早く続きが読みたくて、急いで読んじゃったのだけど、良かった…。
映画もちゃんと見て、もう一回熟読して、ちゃんと言葉にしたい! -
映画のノベライズではない、とあとがきにはあるが、まあそうかな。映画を見たあとで読んだので、登場人物の心情が明確にされて、あ〜そうだったんか、と。
ですます調なのが新鮮。宮沢賢治を思い出した。 -
映画が好きなので、小説も読んだ。
それぞれの人がいるということ。
とても優しいと思った。
それから、話が切り替わるページが好き、
月曜日 Reception 歓迎
火曜日 Remembering 想起
月曜日 Refrain 反復
など。 -
古本屋で偶然発見。映画も未鑑賞。
最初は、ですます調で躊躇った。けど、読みながら、この本はこの文体じゃなきゃダメなんだと気づいた。普通の文体だと、ただの現代のSFみたいになっちゃう。ですます調だからこそ出る「死の世界」の、ありそうで、なさそうな雰囲気(?)を感じた。

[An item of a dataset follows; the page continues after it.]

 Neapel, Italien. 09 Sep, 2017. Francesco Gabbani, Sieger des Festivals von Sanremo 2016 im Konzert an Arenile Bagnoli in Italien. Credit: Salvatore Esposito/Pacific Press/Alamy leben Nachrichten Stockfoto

『彼らは生きてはいるが、決して現在を生きているわけではない。生きながら「思い出」という過去を生き始めているのだ』 -
2013.5.28読了。
祝•是枝監督!ってことで、再読。
この映画とこの本で、私は是枝監督のファンになりました。
何度読み返しても、望月くんの選択に涙が出る。
私はどの思い出を選ぶんだろう。